First, let's look at the Capitol press corps. We need to share some of the blame. None of us found the hidden little nugget inside a 142-page transportation bill, a paragraph authorizing a $33.5 million bond issue to build a new courthouse for the 1st District Court of Appeal. Sen. Victor Crist put it there in the waning hours of a chaotic 2007 legislative session when other budgets were being slashed. The courthouse construction project was briefly mentioned in each house as a way to fix a budget glitch.

 

It is perhaps fitting that the controversial courthouse was built on land where the late Ed Ball’s cows once grazed. Though Ball was never elected to office, there was no bigger player on Florida’s political field for more than 40 years.


From long experience we should have known that use of the word "glitch'' can be a signal of something nefarious. But in the chaotic final hours of session, it passed unnoticed by reporters.

The only visible sign of the courthouse was a $7.9 million appropriation for expansion, and it was reported in several newspapers. Most of us knew the court needed space and would build something, but few realized they were getting so much money at one time or that they would spend it so unwisely.

Other possible watchdogs failed to catch it as well. Florida TaxWatch, the group that touts its skill at finding little hidden spending nuggets, remained silent. Those who did catch it and try to stop it, primarily the Florida Supreme Court, merely called the governor to beg for a veto but didn't raise a stink.

The budget staff in Gov. Charlie Crist's office focused primarily on the transportation issues in the bill but noted the presence of the bond issue in a few internal e-mails, saying "so much for the single subject rule.'' That is an oft-violated legislative rule that requires bills to address one subject. No one in the governor's budget office suggested it should trigger a veto.

The governor did not veto the bill and didn't even recall being asked to veto it when questioned about it three years later. Judge Fred Lewis, then the chief judge at the Supreme Court, says he asked for the veto after belatedly discovering the presence of the bond issue.

Gov. Crist (no relation to the senator) also left the $7.9 million appropriation in the budget.

Victor Crist says he was just following orders issued by Senate President Ken Pruitt. Others say Crist was eager to help his longtime friend and former aide, Judge Brad Thomas. Pruitt says he doesn't recall helping the court.

(Victor Crist and Rep. Marti Coley, R-Marianna, were so helpful that the judges were going to put their name on the building but something has happened to the nice bronze plaque they had made. It's still not up on the building and no one seems to know what will happen to it.)

You could also blame the senators and House members who voted for the bill. Only two in the Senate voted against it — Sens. Alex Villalobos and Rudy Garcia, both Miami Republicans. And they were voting against other items in the transportation bill. They didn't notice the bond issue.
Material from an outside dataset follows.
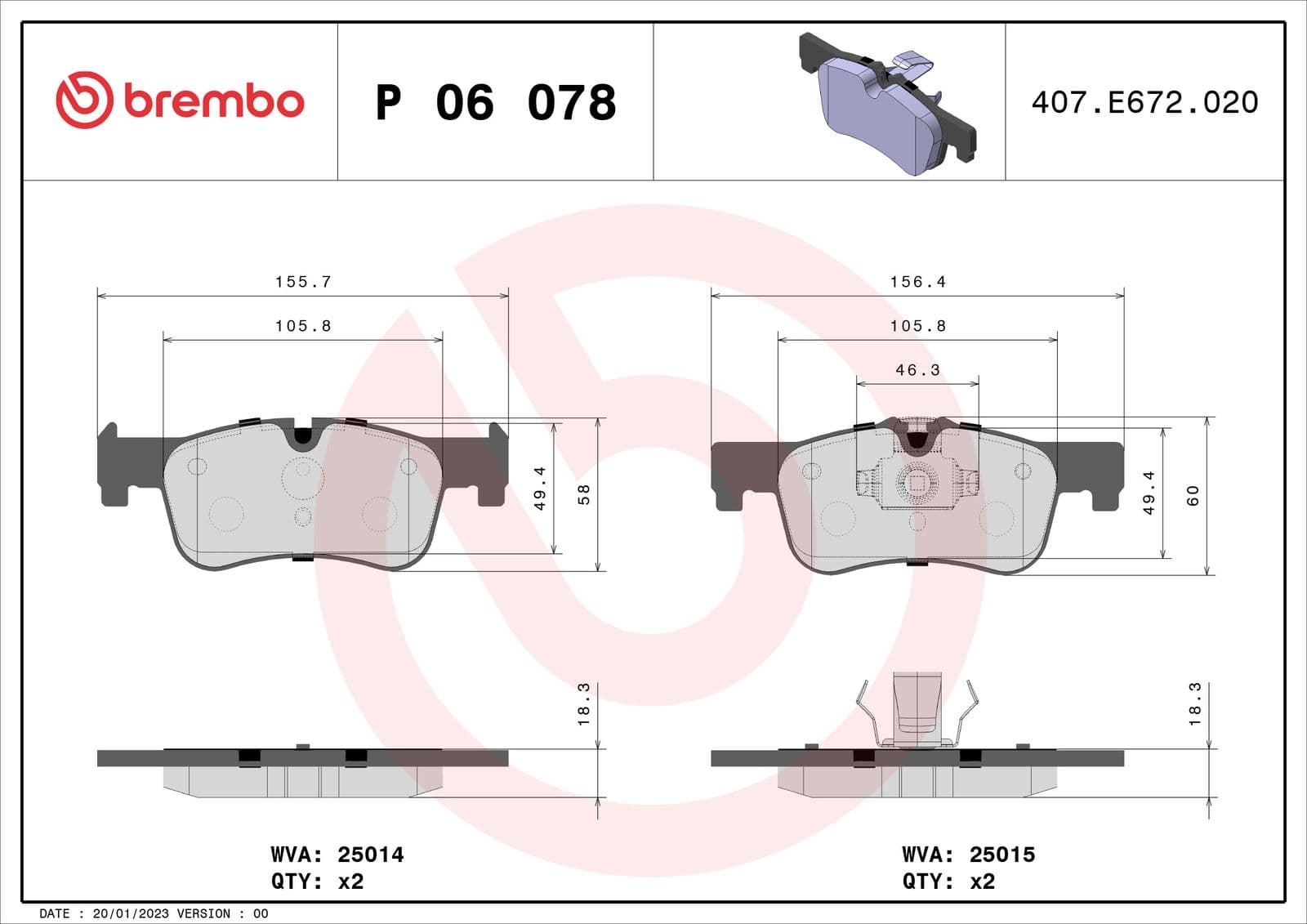 set placute frana,frana disc BREMBO PRIME LINE P 06 078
The bill was really a bundle of 22 bills — a "train,'' a last-minute maneuver used by legislative leaders at the end of almost every session. Such bills frequently link unpopular items with "must pass'' issues and barrel through the Legislature on the final day. It is so common that some legislators automatically vote no without even knowing what's in the bill because they rarely contain anything kin to good government.

When the bill (House Bill 985) traveled back to the House, only Rep. Matt Meadows, D-Fort Lauderdale, questioned the presence of a multimillion-dollar bond issue that had never been considered in committee. No one answered.

By then it was clear that this bill and its contents had the approval of House Speaker Marco Rubio and Pruitt. Lawmakers oppose leadership at their peril and rarely kill such bills. So the House approved it 68-49 with most of the opposition coming from members who didn't like a controversial transportation measure in the bill. Rubio initially said he couldn't recall the bond issue and later said he had no idea that the judges would build such a lavish courthouse.

Few lawmakers even knew the courthouse bond issue was there, and even fewer would remember it when the St. Petersburg Times started asking questions in 2010. Call it an amnesia of convenience.

The governor and Cabinet share some of the blame. They agreed to sell the bonds in 2008, clearing the way for construction to proceed. Chief Finance Officer Alex Sink paid the bills as they came in, only pausing after the St. Petersburg Times wrote about the palace they were building. She was the first to do anything — she ordered an audit and refused to pay some of the bills.

Blame the judges too — not just the ones who were lobbying the Legislature.

Judges Paul Hawkes and Brad Thomas, both former legislative staffers, were frequent flyers in legislative halls for years after they were appointed to the bench by Gov. Jeb Bush. Legislators often wondered how judges who spent so much time in the Capitol had time to hear cases.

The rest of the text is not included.